H.B.
H.B.

Reputation: 63

No internal method call with scrapy

I'm using scrapy to crawl a website. The first call seems ok and collects some data. For every subsequent request I need some information from another request. For programing simplification, I separated the different requests into different method calls. But it seems that scrapy does not provide method calls with some special parameter. Every sub-call won't be executed.

I tried already a few different things:

  1. Called a instance method with self.sendQueryHash(response, tagName, afterHash)

  2. Called a static method with sendQueryHash(response, tagName, afterHash) and changed the indent

  3. Removed the method call and it worked. I saw the sendQueryHash output on the logger.

import scrapy
import re
import json
import logging

class TestpostSpider(scrapy.Spider):
    name = 'testPost'
    allowed_domains = ['test.com']

    tags = [
         "this"
        ,"that"   ]

    def start_requests(self):
        requests = []
        for i, value in enumerate(self.tags):
            url = "https://www.test.com/{}/".format(value)
            requests.append(scrapy.Request(
                        url,
                        meta={'cookiejar': i},
                        callback=self.parsefirstAccess))
        return requests

    def parsefirstAccess(self, response):
        self.logger.info("parsefirstAccess")
        jsonData = response.text

        # That call works fine
        tagName, hasNext, afterHash = self.extractFirstNextPageData(jsonData)
        yield {
                'json':jsonData,
                'requestTime':int(round(time.time() * 1000)),
                'requestNumber':0
        }

        if not hasNext:
            self.logger.info("hasNext is false")
            # No more data available stop processing
            return
        else:
            self.logger.info("hasNext is true")
            # Send request to get the query hash of the current tag
            self.sendQueryHash(response, tagName, afterHash) # Problem occures here

    ## 3.
    def sendQueryHash(self, response, tagName, afterHash):
        self.logger.info("sendQueryHash")
        request = scrapy.Request(
            "https://www.test.com/static/bundles/es6/TagPageContainer.js/21d3cb18e725.js",
            meta={'cookiejar': response.meta['cookiejar']},
            callback=self.parseQueryHash,
            dont_filter=True)
        request.cb_kwargs['tagName'] = tagName
        request.cb_kwargs['afterHash'] = afterHash
        yield request

    def extractFirstNextPageData(self, json):
        return "data1", True, "data3"

I expect that the sendQueryHash output is shown but it never happen.

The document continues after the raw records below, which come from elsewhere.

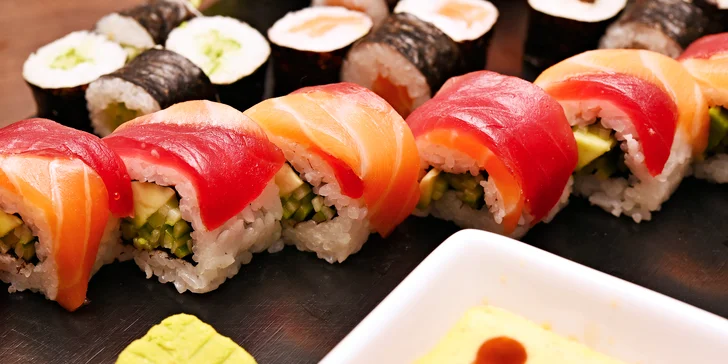 Samurai menu pro 2 sushi bojovníky: 38 ks sushi, polévka, salát i dezert
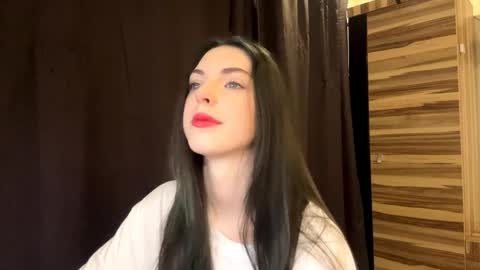 Polly online show from April 2026 07:05:01 AM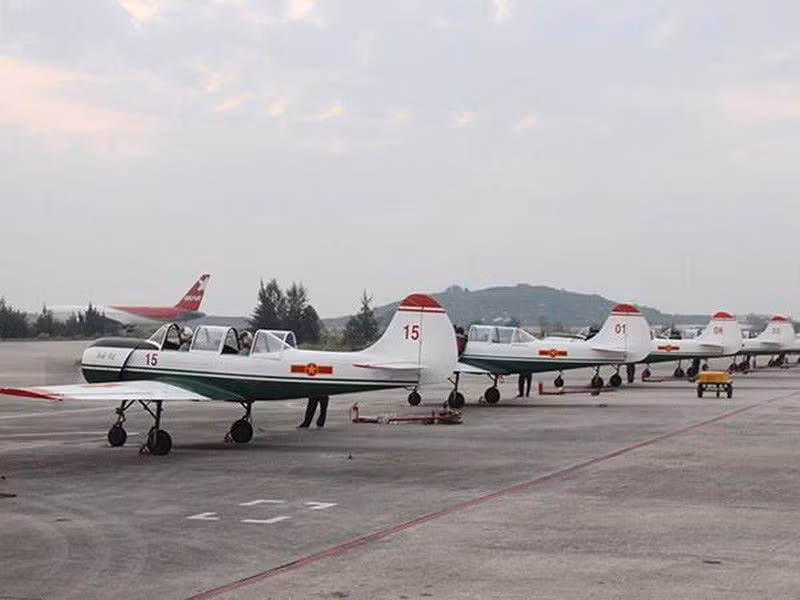 Theo đó, hạn chót nhận hồ sơ chào thầu cung cấp máy bay và các gói hỗ trợ về huấn luyện, kỹ thuật, hậu cần, cung ứng phụ tùng là vào ngày 3/3/2021 và việc bàn giao 3 máy bay chậm nhất vào khoảng giữa năm 2023.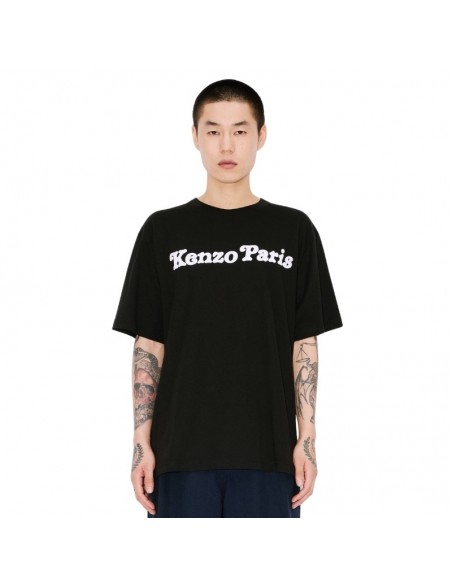 T-shirt Oversize 'KENZO by Verdy' En Coton Noir Kenzo présenté porté de face｜Soulery Toulouse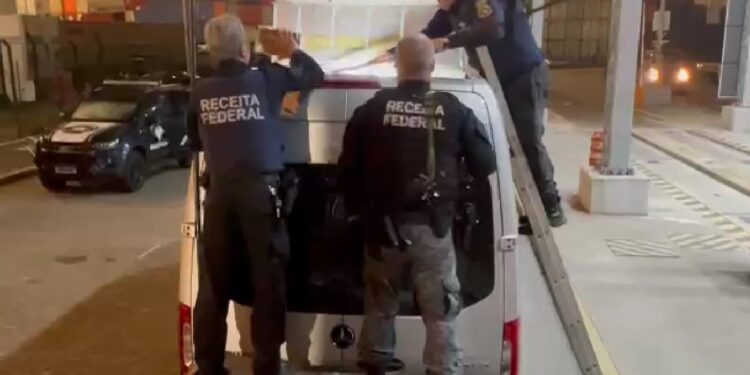 Receita Federal apreende 327 kg de cocaína em compartimento falso de van, veja o vídeo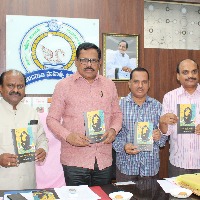 Press Note and Photos– Telangana Sahitya Akademi - Book Inauguration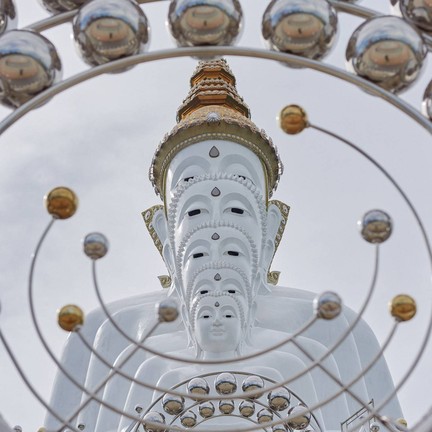 วัดพระธาตุผาซ่อนแก้ว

Only wenn I comment the lines self.sendQueryHash and def sendQueryHash out.

That's only one example of the behavior what I don't expect.

Upvotes: 0

Views: 248

Answers (1)

tomjn
tomjn

Reputation: 5389

self.sendQueryHash(response, tagName, afterHash) # Problem occures here

will just create a generator that you do nothing with. You need to make sure you yield your Request back to the scrapy engine. Since it is just a single request that is returned you should be able to use return instead of yield from sendQueryHash and then directly yield the Request by replacing the above line with

yield self.sendQueryHash(response, tagName, afterHash)

Upvotes: 1

Related Questions